Task goal -> I'd like the entries reproduced exactly, with the images omitted.
### Provided information ###
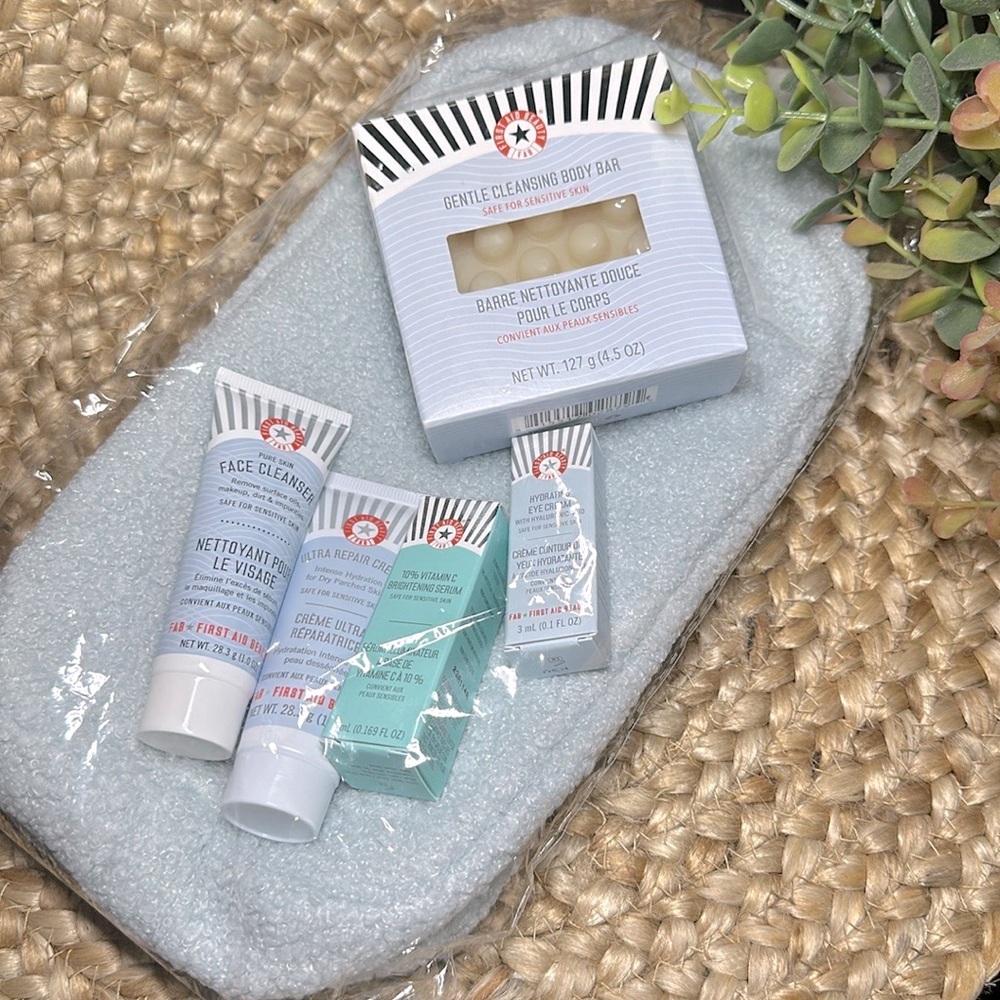 *NEW* First Aid Beauty Gift Set with Bag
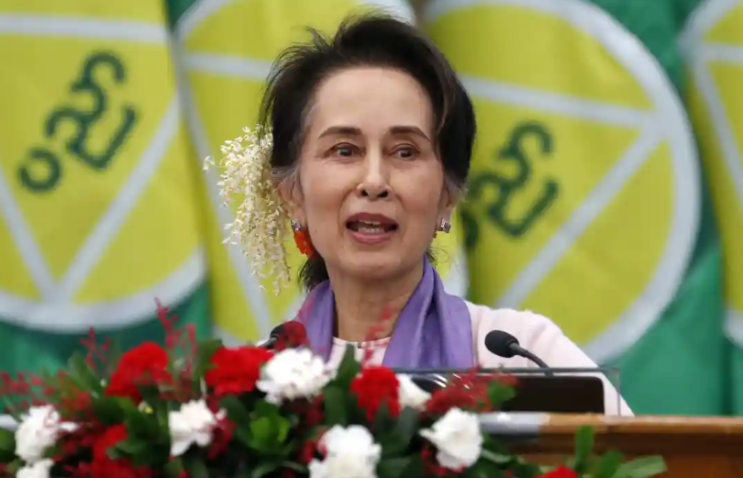 미얀마 법원은 최종 비공개 재판에서 아웅산 수치를 추가로 7년간 수감합니다.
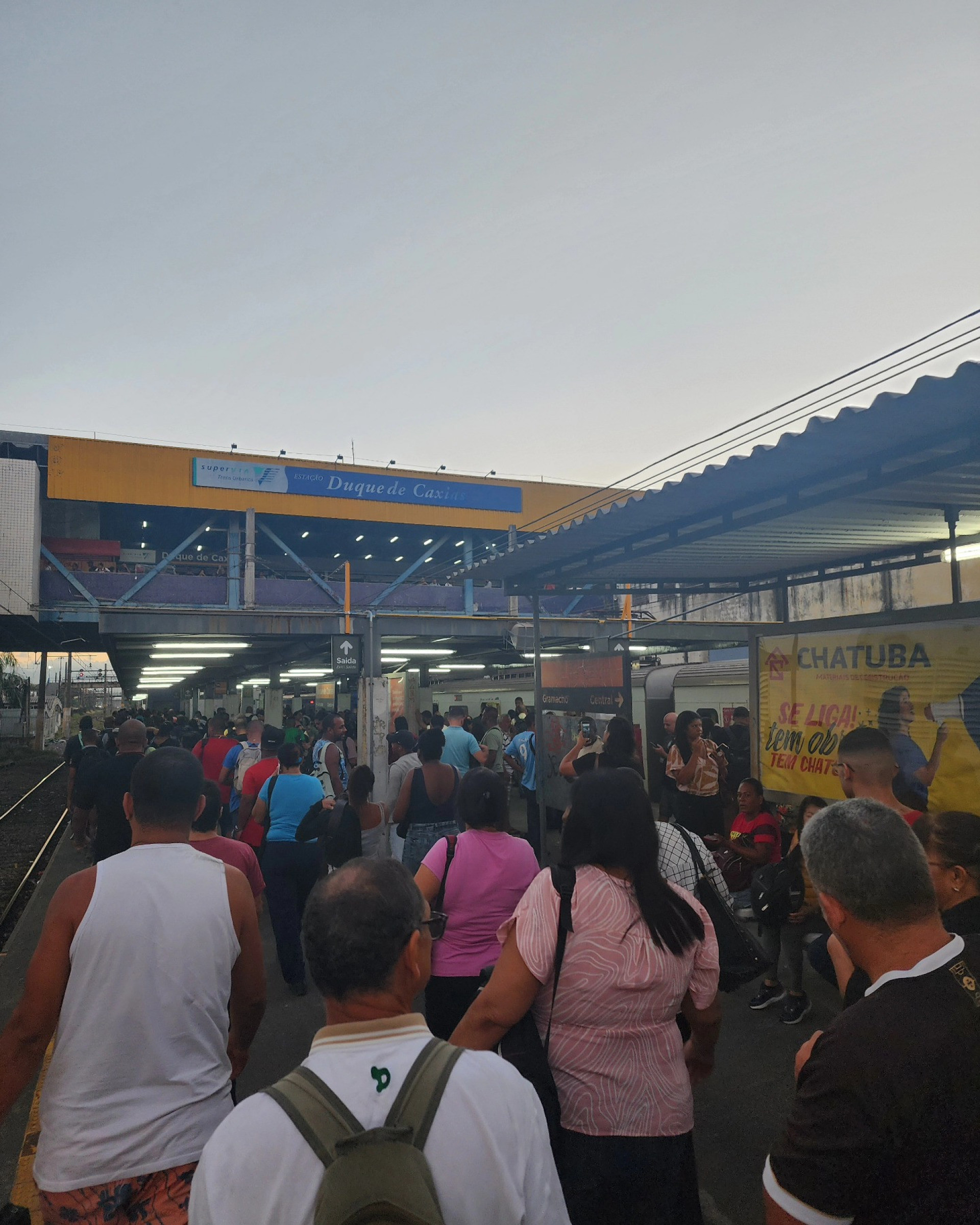 Passengers face disruption at Duque de Caxias station
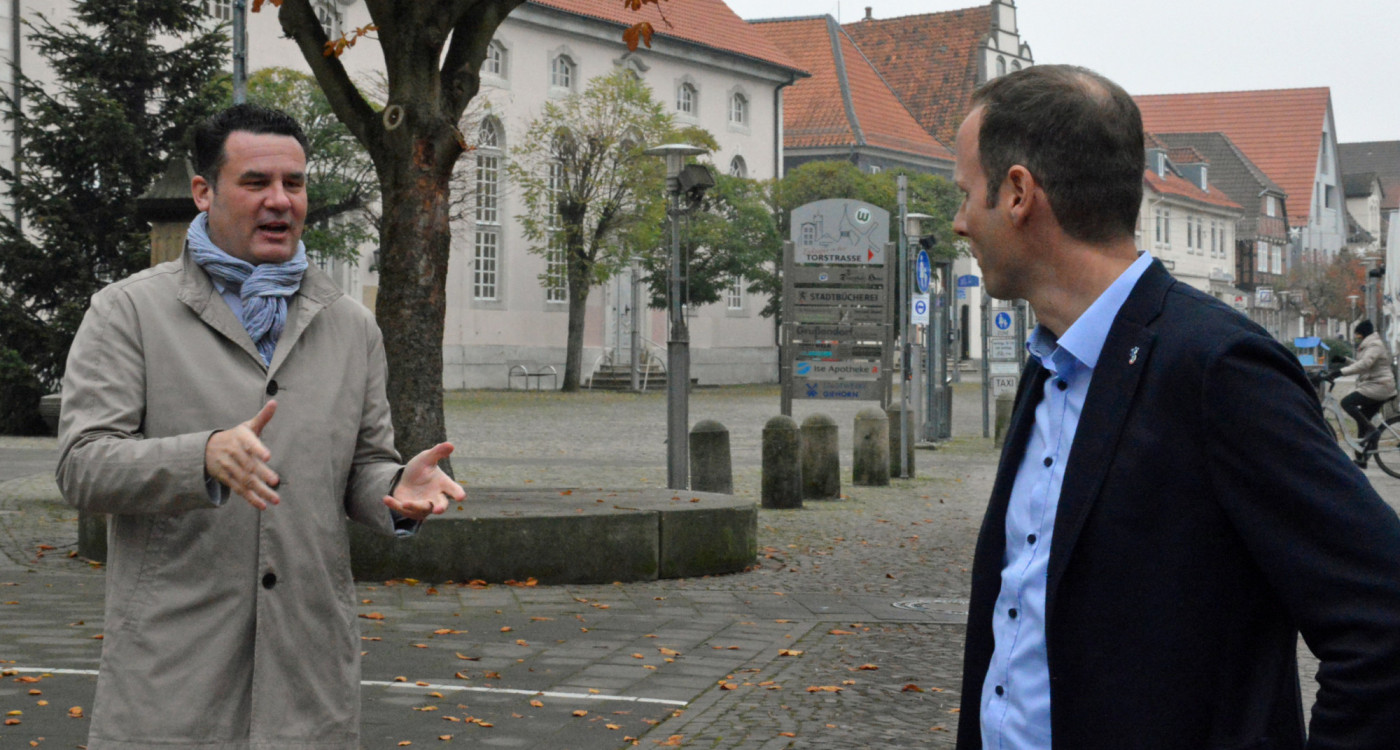 Wer seine Geschenke vor Ort kauft, stärkt unsere Stadt – Gifhorns Bürgermeister Matthias Nerlich und Wirtschaftsförderer Martin Ohlendorf im Interview
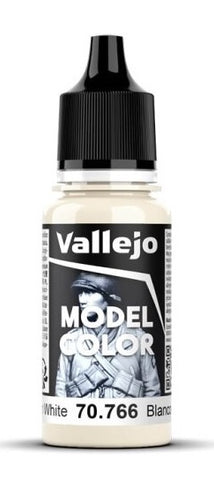 Model Color: Cream White (18 ml)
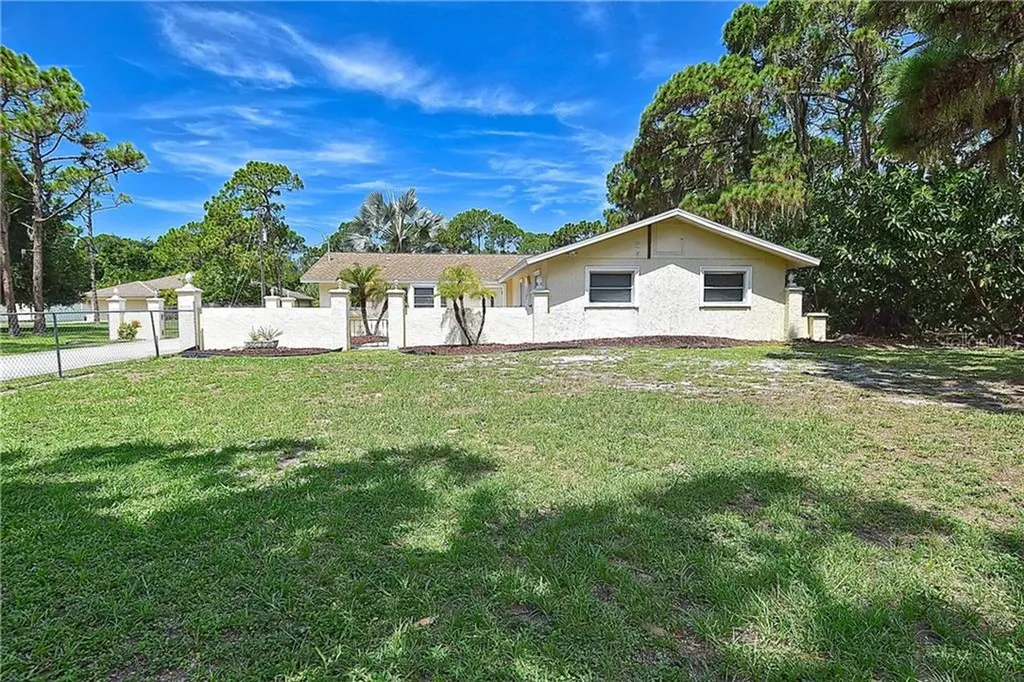 670 N Elm Street Englewood FL 34223
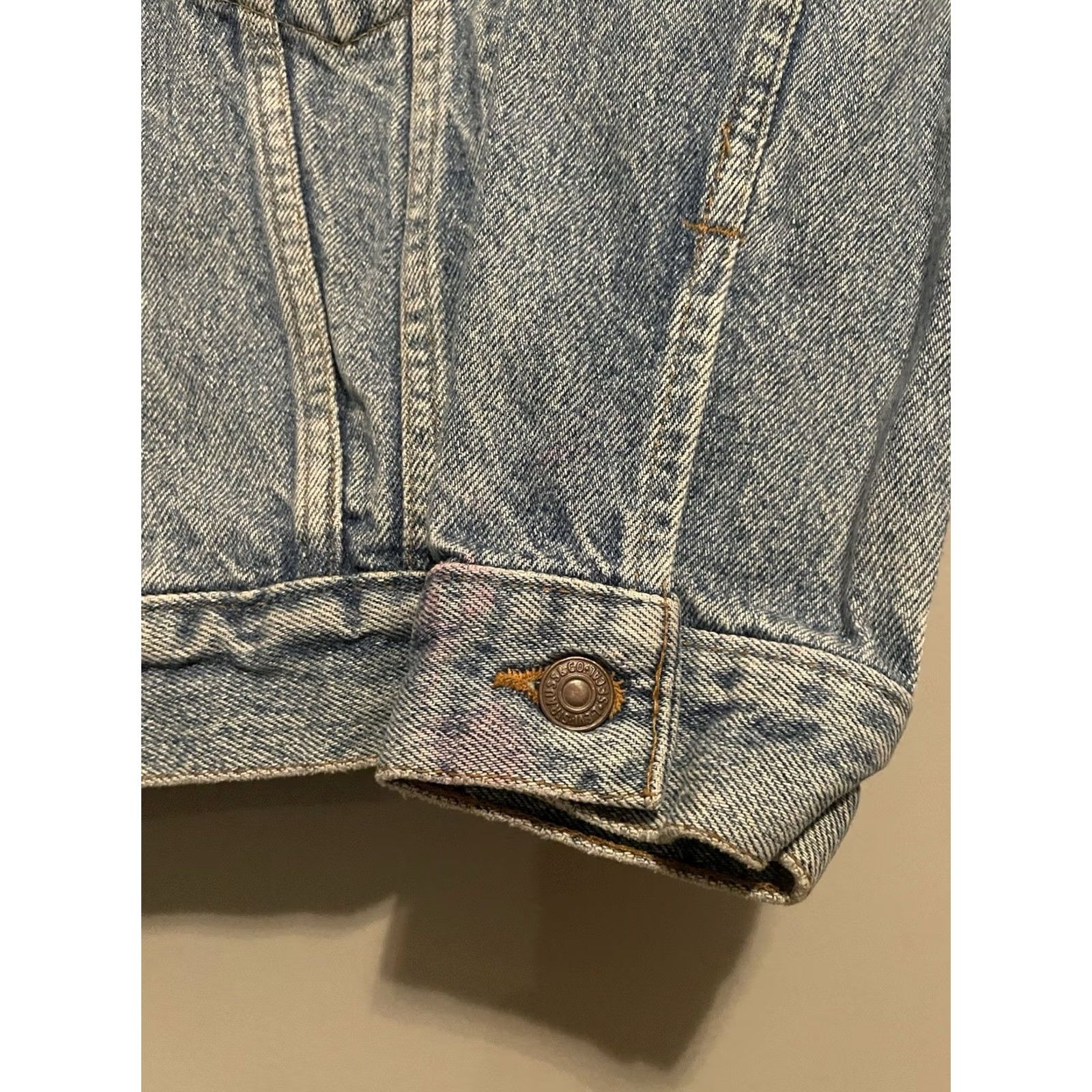 Levi's VINTAGE Levi's Trucker Jacket Mens S Wash Denim Cotton 90s 70507-4890 Left Sleeve Hole Staining | Levi's | Jacket Size US S / EU 44-46 / 1 - 8 Thumbnail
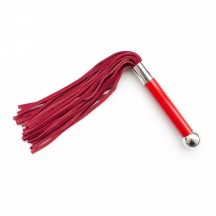 Красная плеть с металлическим шаром на рукояти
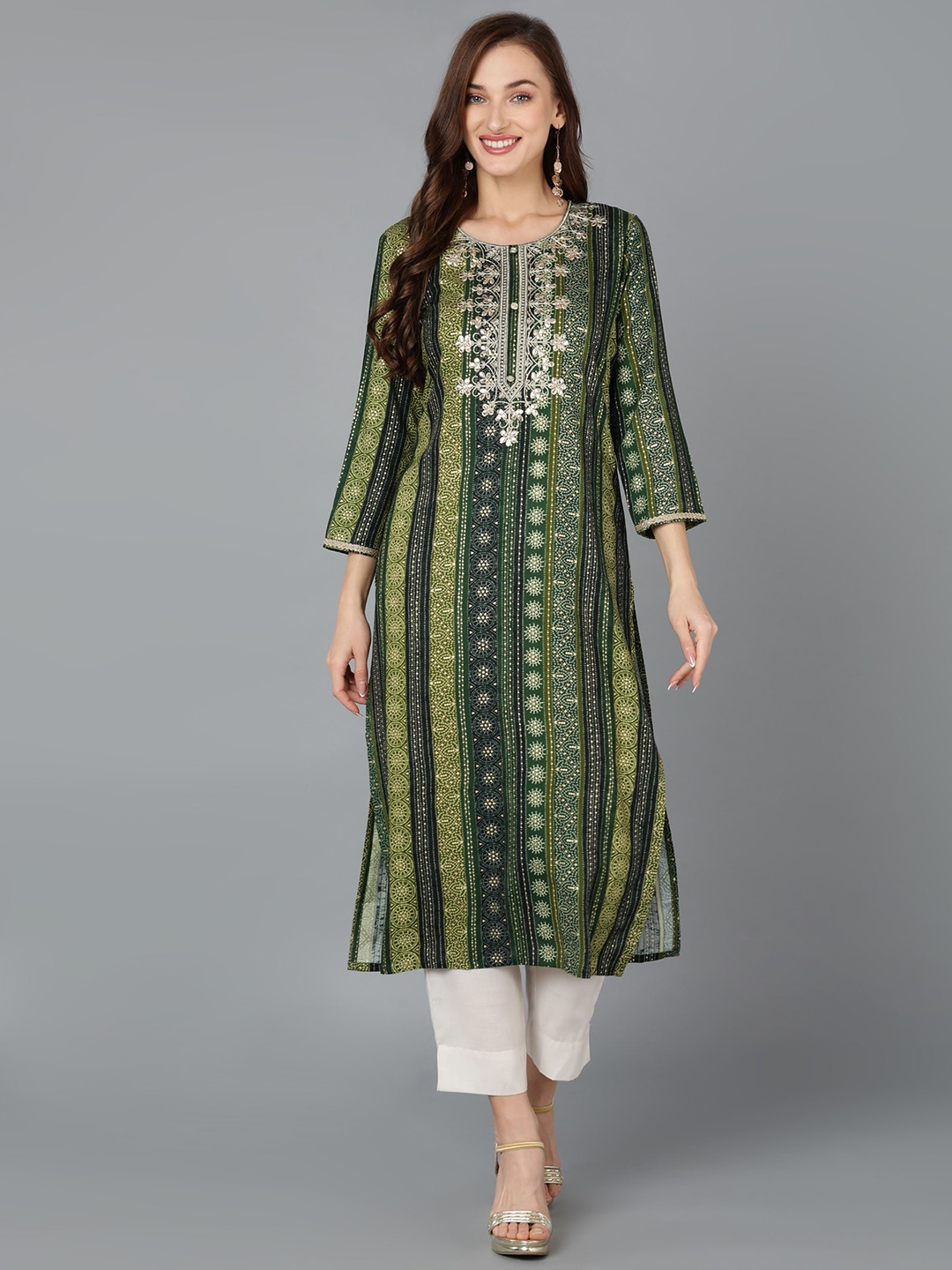 

AHIKA Green Bandhani Printed Thread Work Straight Kurta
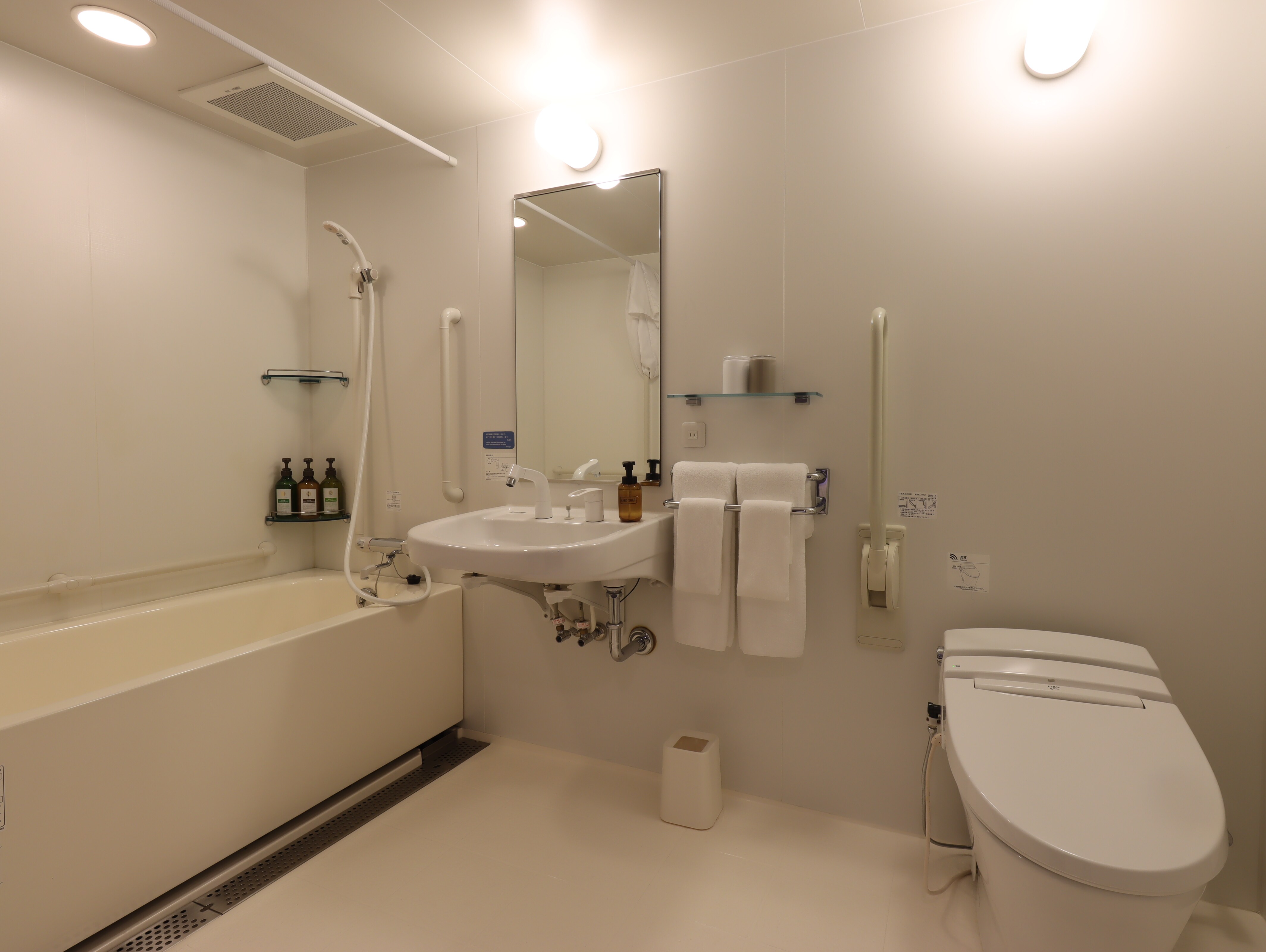 Universal Twin Room (bathtub, toilet)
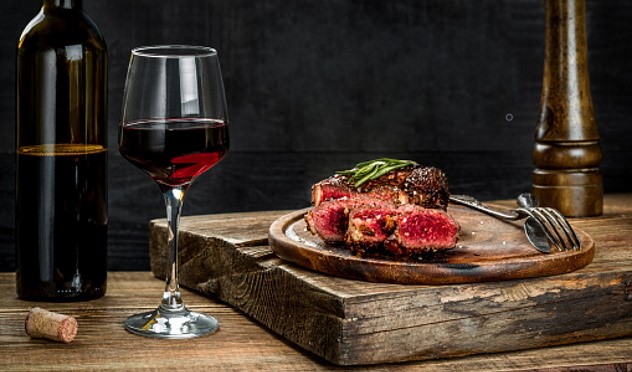 Carne e vino rimossi dalla lista Ue degli alimenti dannosi per la salute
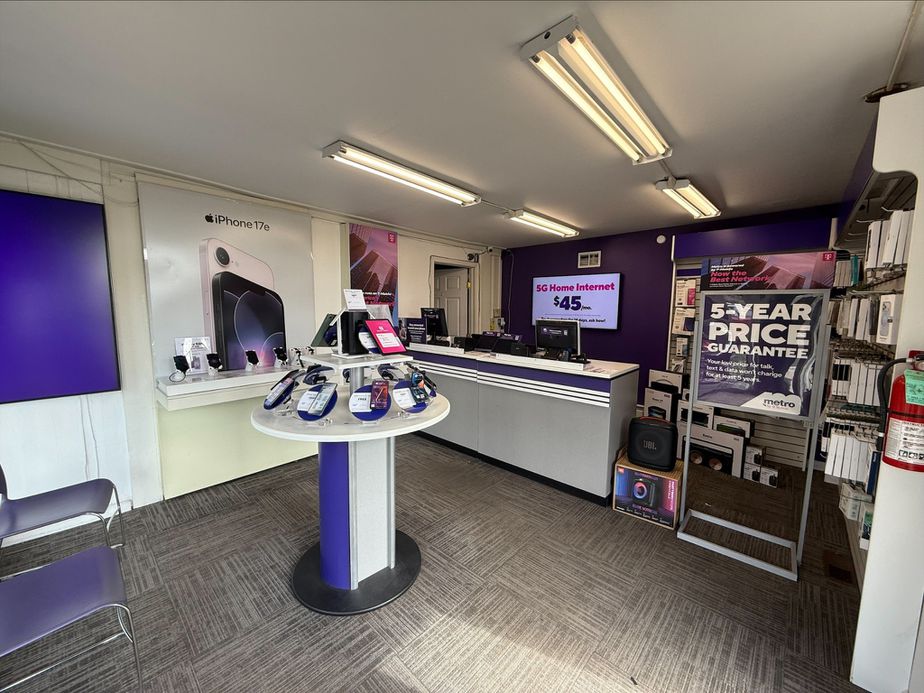 Metro by T-Mobile 285 N West End Blvd - 285 N West End Blvd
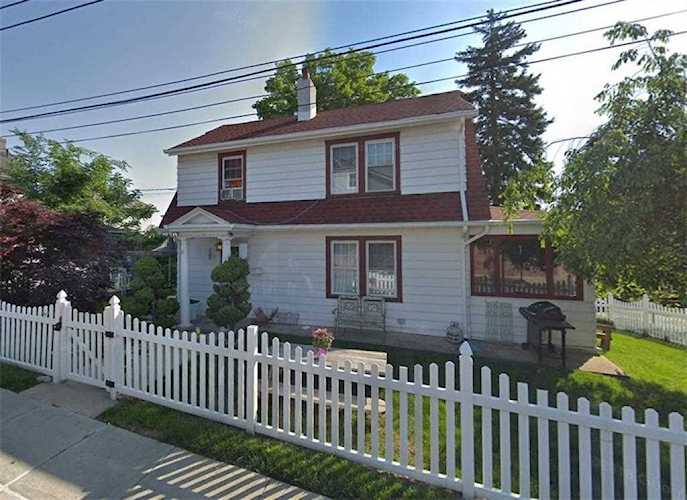 195 Saint Johns Ave Staten Island, NY 10305 | MLS 460016 Photo 1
###
Answer to this exercise ->
 *NEW* First Aid Beauty Gift Set with Bag
 미얀마 법원은 최종 비공개 재판에서 아웅산 수치를 추가로 7년간 수감합니다.
 Passengers face disruption at Duque de Caxias station
 Wer seine Geschenke vor Ort kauft, stärkt unsere Stadt – Gifhorns Bürgermeister Matthias Nerlich und Wirtschaftsförderer Martin Ohlendorf im Interview
 Model Color: Cream White (18 ml)
 670 N Elm Street Englewood FL 34223
 Levi's VINTAGE Levi's Trucker Jacket Mens S Wash Denim Cotton 90s 70507-4890 Left Sleeve Hole Staining | Levi's | Jacket Size US S / EU 44-46 / 1 - 8 Thumbnail
 Красная плеть с металлическим шаром на рукояти

AHIKA Green Bandhani Printed Thread Work Straight Kurta
 Universal Twin Room (bathtub, toilet)
 Carne e vino rimossi dalla lista Ue degli alimenti dannosi per la salute
 Metro by T-Mobile 285 N West End Blvd - 285 N West End Blvd
 195 Saint Johns Ave Staten Island, NY 10305 | MLS 460016 Photo 1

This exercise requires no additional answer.